[H-GEN] Choice of distro for server

mick bareman at tpg.com.au
Thu Mar 29 21:04:43 EDT 2012


On Fri, 30 Mar 2012 10:34:36 +1000
Julian DeMarchi <julian at jdcomputers.com.au> wrote:

> [ Humbug *General* list - semi-serious discussions about Humbug and     ]
> [ Unix-related topics. Posts from non-subscribed addresses will vanish. ]
> 
> On 03/30/2012 10:29 AM, mick wrote:
> > My Debian experience dates to the 6 months before the release of sarge and 2 months after.
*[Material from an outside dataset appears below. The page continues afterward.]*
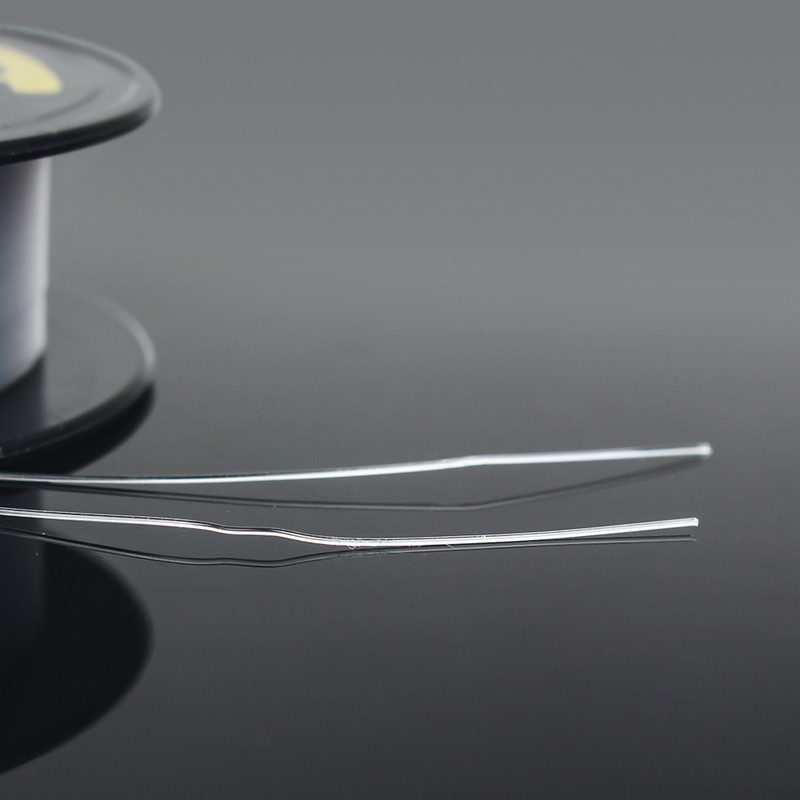 Kiváló minőségű 100M nylon horgászzsinór Szuper erős japán monofil horgászzsinór sügér pontyhorgász kiegészítők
The difference between a generic (support EVERYTHING in modules) i386 kernel and one for P4 with 2GB RAM with all required support built-in was very noticeable especially when I pushed it to the edge of reality.
> 
> Wow sarge, thats like 4 years or more ago... You've had squeeze, lenny
> and soon wheezy in between.
> 
> I'd be curious for you to try it again and see how it rates in speed now...
> 
> A 500MB word document, I can attest takes at least 10 - 15 mins to load
> in Windows. I witnessed this when my mother created a document that big
> and she asked me why it took so long to load.
> 
> --julian

My gripe wasn't with the "out of the box" performance, a carefully customized kernel fixed that. The devs were faced with the choice of including either a very generic kernel or a selection of more refined kernels that might well confuse people and they chose the "one size almost fits almost everybody" option. A logical choice given how easy building a kernel is.
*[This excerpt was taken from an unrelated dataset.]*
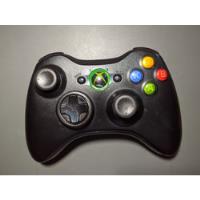 Control Xbox 360 Original  segunda mano  Argentina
Along comes selinux, sticking its slimy tentacles in all over the place and I could no longer boot custom kernels. 

For what its worth I always used vanilla sources rather than the Debian patched kernels except for one try with the Debian sources.

I'm not a performance junkie but I do tend to get anal about storage wasted by masses of unneeded optional 'features' that have been built in to or as dependencies of packages e.g. palm pilot and bluetooth supportbuilt in to email clients, address books, networking, etc.